Welcome back: Tolleson District teams take field for 1st time in 2020-21
March 29, 2021 by Jose Garcia, AZPreps365
Sierra Linda’s Dominique Soto didn’t get upset after getting tagged out in a second inning rundown.
Instead, she and her coach, Diana De Jesus, who was standing in the third base box, just laughed it off as they walked off West Point’s infield.
The joy on the faces of Sierra Linda as well as West Point’s softball players returned.
The one year anniversary of a day Arizona Interscholastic Association’s spring season programs want to forget arrives on Tuesday. The pandemic forced the AIA to cancel the rest of the 2020 spring sports calendar last March.
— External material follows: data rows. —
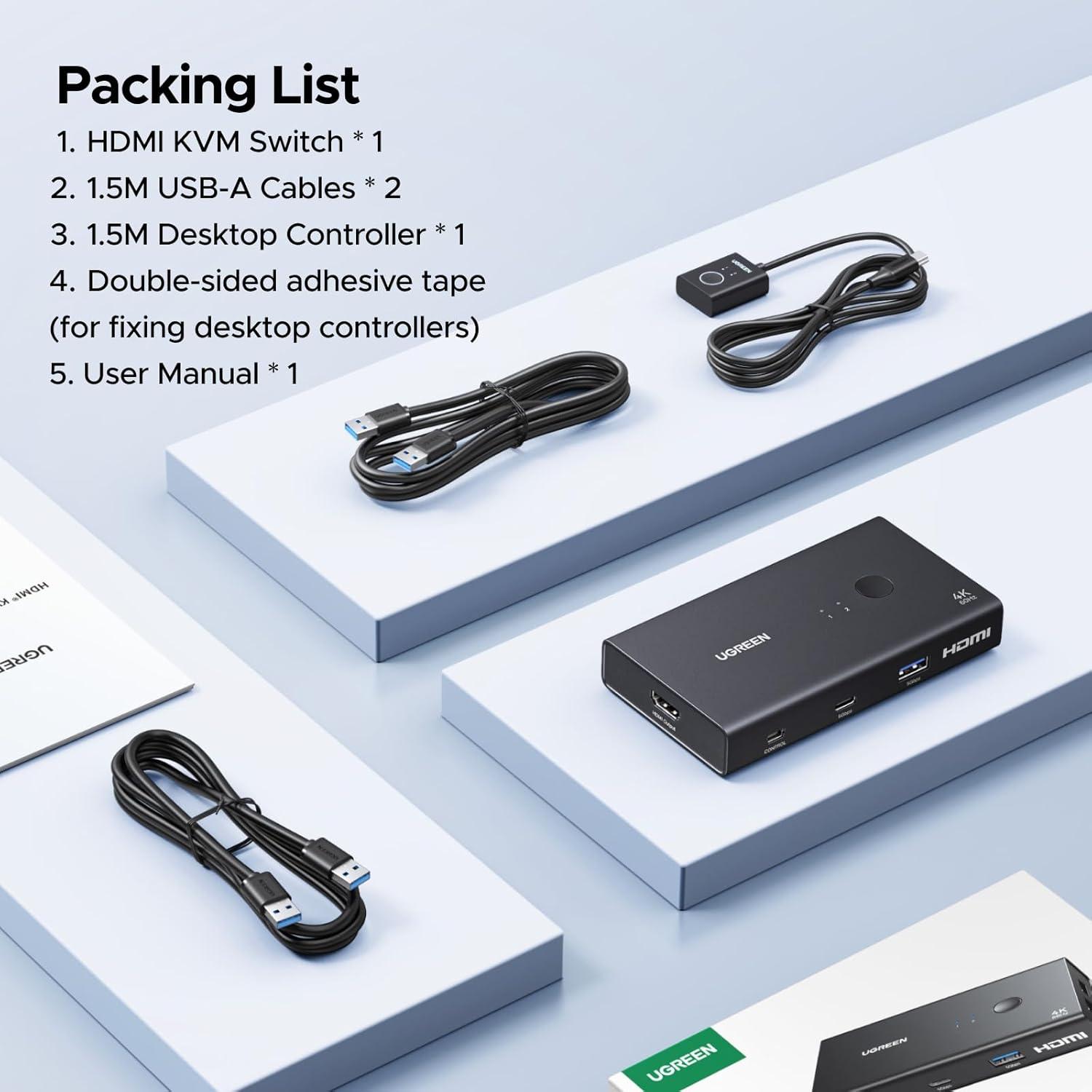 imageUGREEN HDMI KVM Switch 1 Monitor 2 Computers 4K60Hz with 4 USB 30 Ports KVM Switches for 2 Computers Share One HDMI Monitor Keyboard Mouse Hard Drives Webcam with 2 USB Cables Controller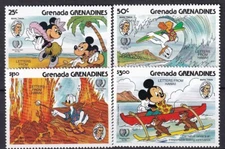 DISNEY Grenada Grenadines Yvert 619/22 Mickey Minnie Donald Letters from Hawaii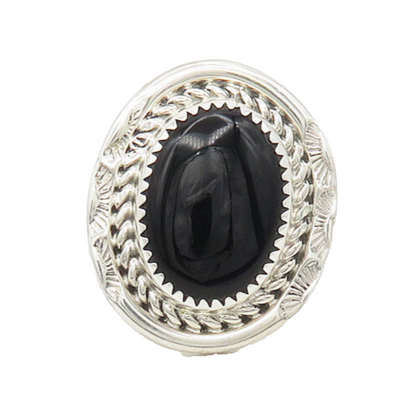 SYLVIA CHEE NAVAJO 925 Silver  Black Onyx Shiny Cocktail Ring Sz 7  RG17863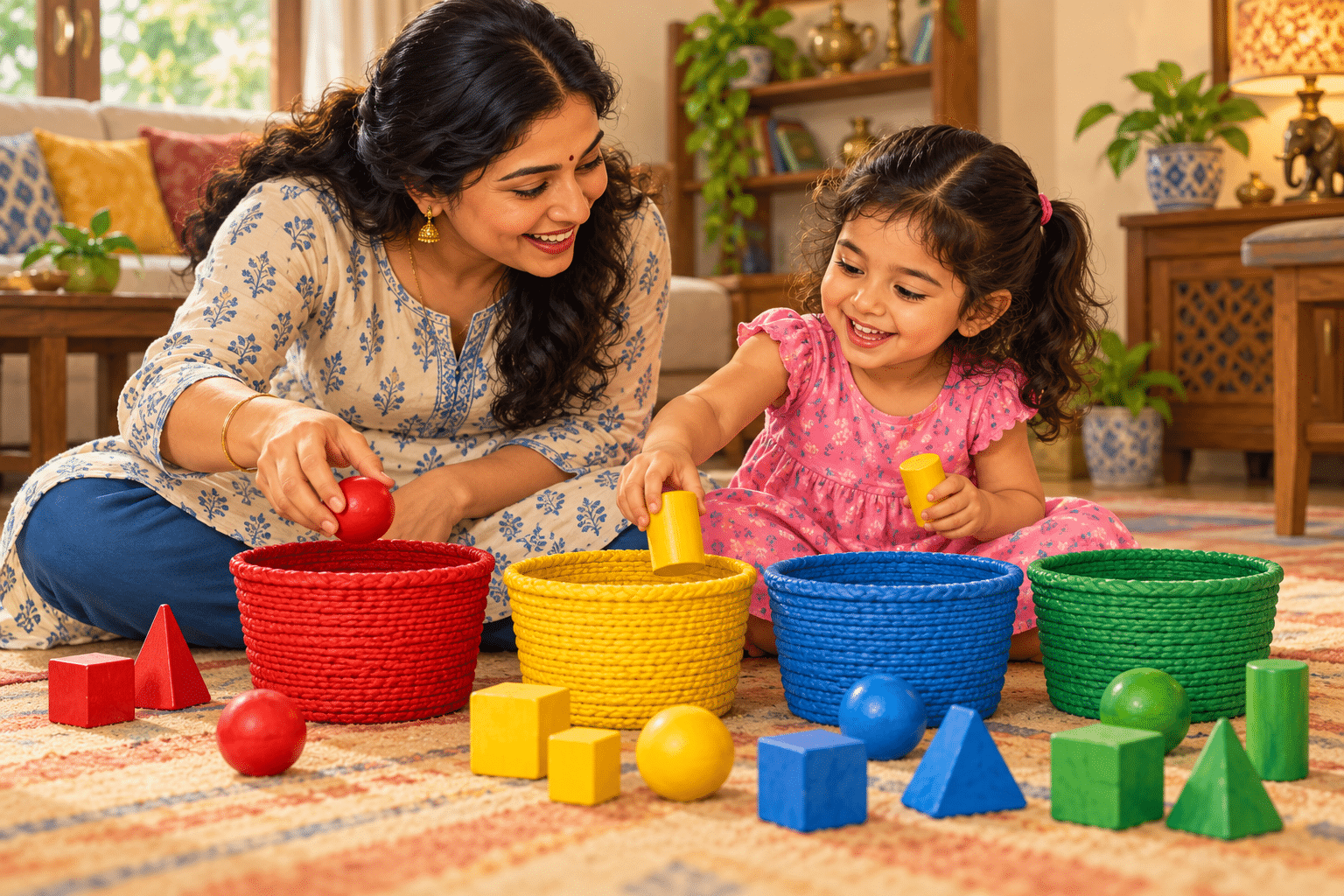 Why Colours Are Important for Kids’ Learning: 10 Amazing Benefits and Fun Activities at Home Mother and daughter sorting large red yellow blue and green toys into matching baskets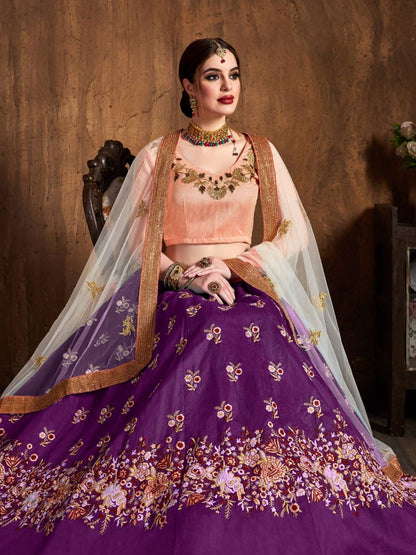 Odette Purple Silk Blend Embroidered Semi Stitched Lehenga With Blouse For Women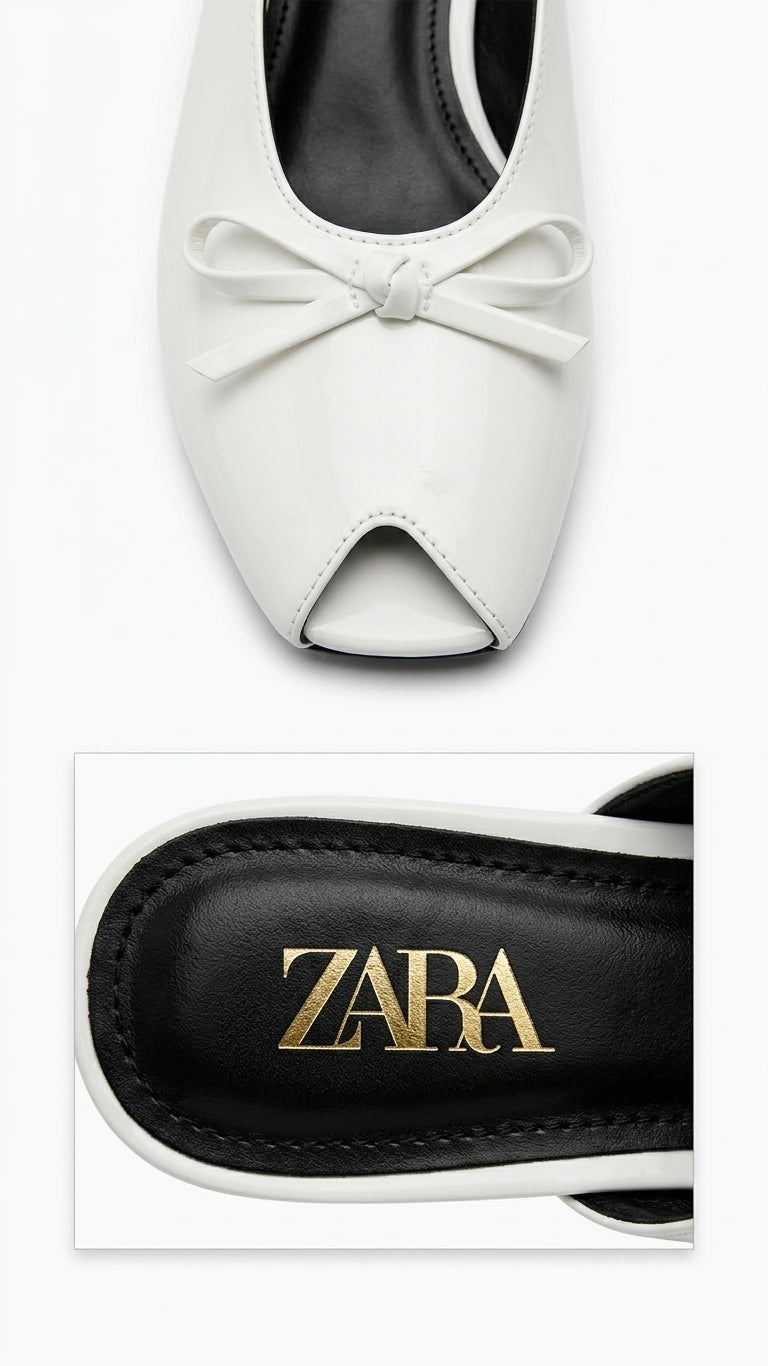 ZARA Women's Patent Peep-Toe Slingback Flats with Bow - White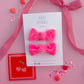 Hot Pink Velvet Knot Bow Pigtails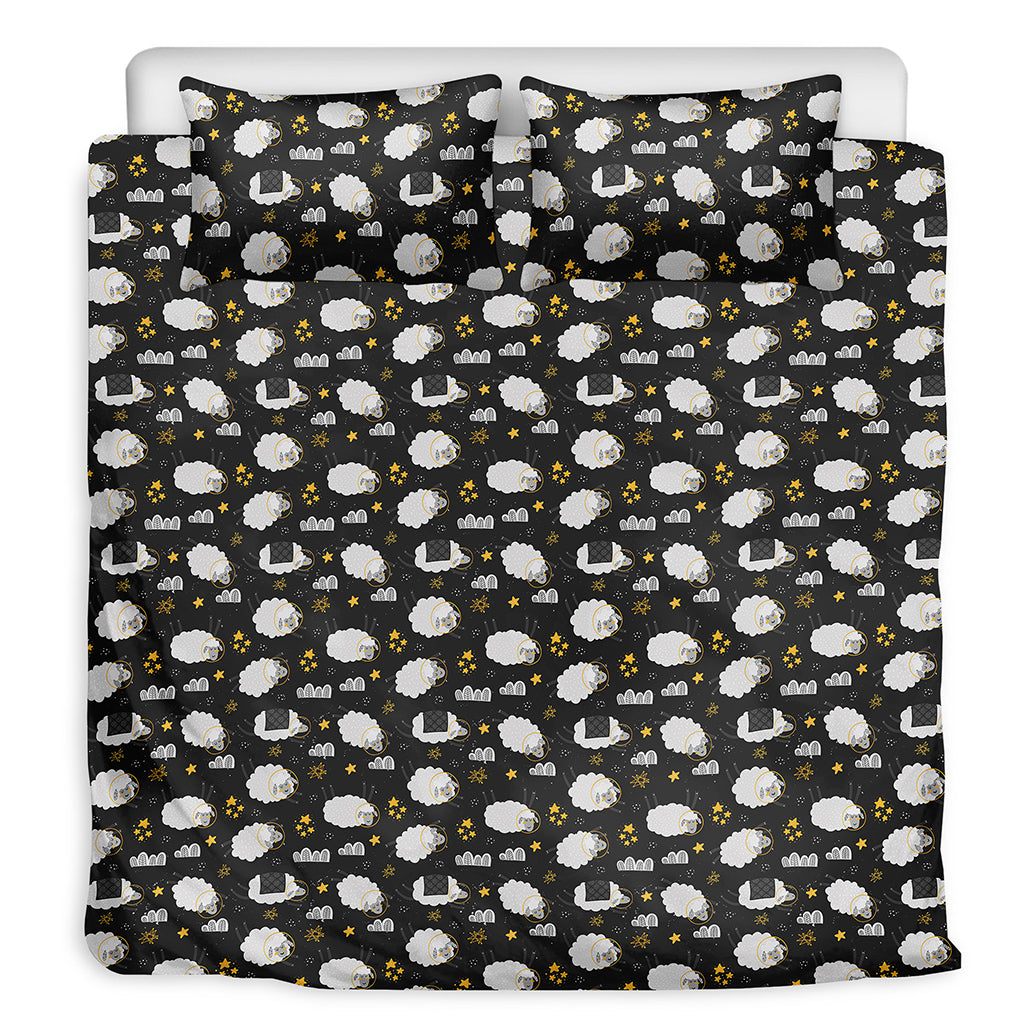 Sleeping Sheep Pattern Print Duvet Cover Bedding Set
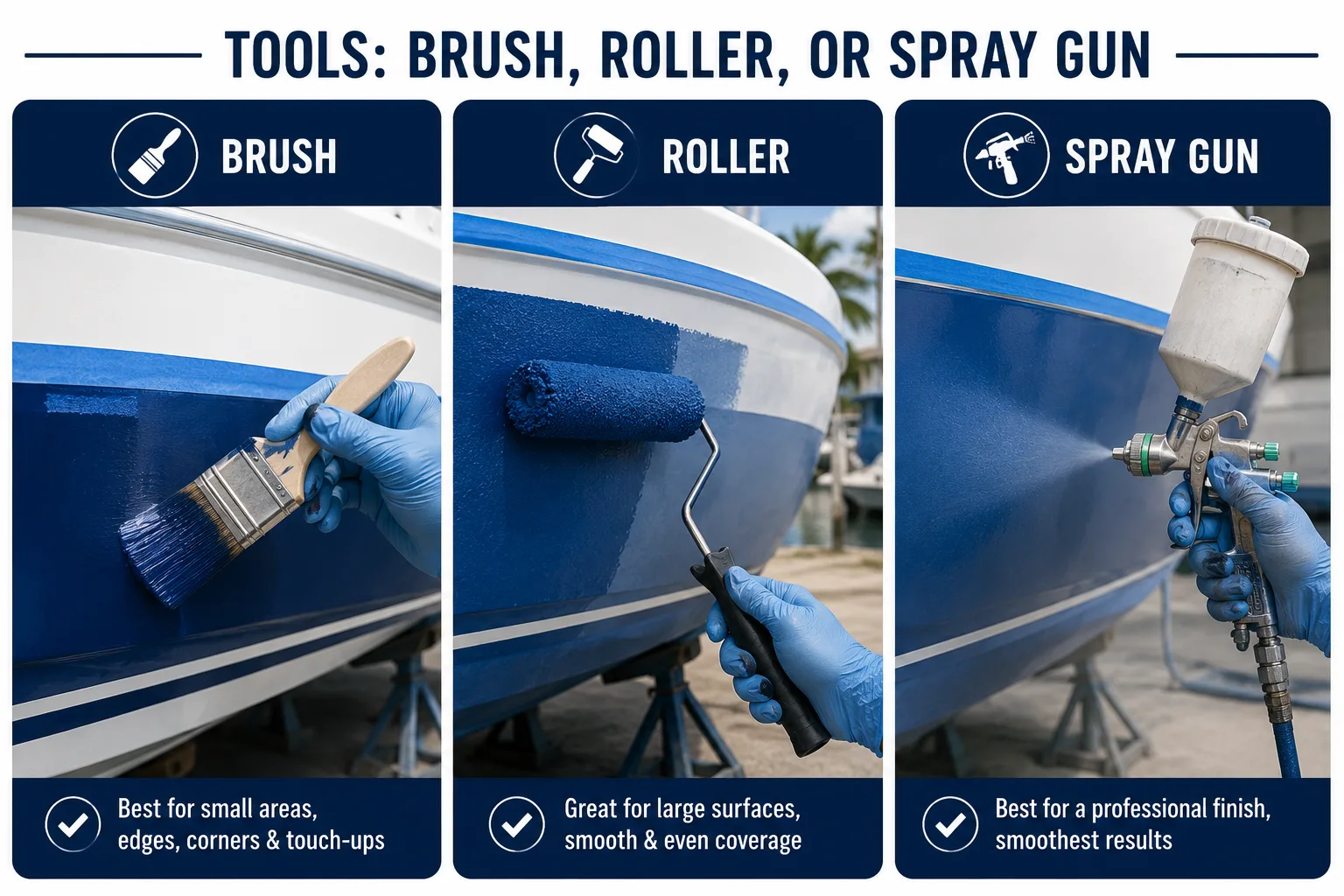 How To Paint A Fiberglass Boat - Brush vs. Roller vs. Spray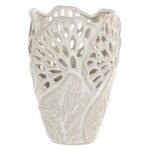 JARRA CERAMICA FOLHA COR:BRANCO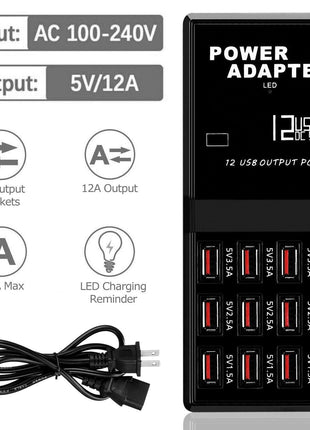 Multi 12 Port USB Charging Station Hub Desktop Wall Cell Phone Charger Puce Gaia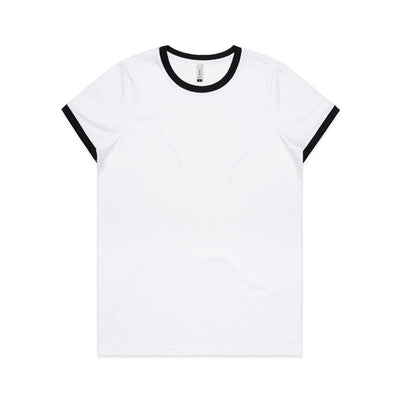 Wo's Maple Ringer Tee 4053 - White/Black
On Monday, Sierra Linda and West Point were more interested in playing their first game of the 2021 campaign. Monday also marked the first time Tolleson Union High School District teams competed in this school year.
COVID-19 is still present and hit the Tolleson Union District staff and families hard. But for more than two hours, playing a game they love served as a much welcomed distraction for Sierra Linda and West Point players.
“It was great to be out there,” Sierra Linda’s starting pitcher Rubianis Guzman said. “It was a distraction to be out here with people who like the sport I do and are here to have fun. We laughed off (the mistakes) because if we get mad there’s no point to it. If you just laugh it off, you are just, ‘OK. Next one. I got this. I’m going to be fine.’ I have my teammates. They are there to help me out.”
Juggling online instruction while having to babysit her siblings when her parents work hasn’t been easy for Guzman, she said.
After shaking off the rust from a nearly one-year high school absence, the hard throwing Guzman flashed her share of smiles while striking out 11 in her team’s 16-0 win. Despite the loss, West Point also had plenty of reasons to celebrate.
There were a lot of firsts for the new school in Avondale. West Point played its very first varsity softball game Monday and did so without any seniors on the roster.
Junior Jana Ousterhout recorded the school’s first varsity hit when she legged out a squibbler in the fifth inning. Sophomore Alondra Ruiz registered West Point’s first strikeout when she struck out the game’s first batter.
“I know what we can work on to improve to make ourselves way better,” Ruiz’s battery mate, Alexis Rosalez, said. “I plan to help this team as much as I can.”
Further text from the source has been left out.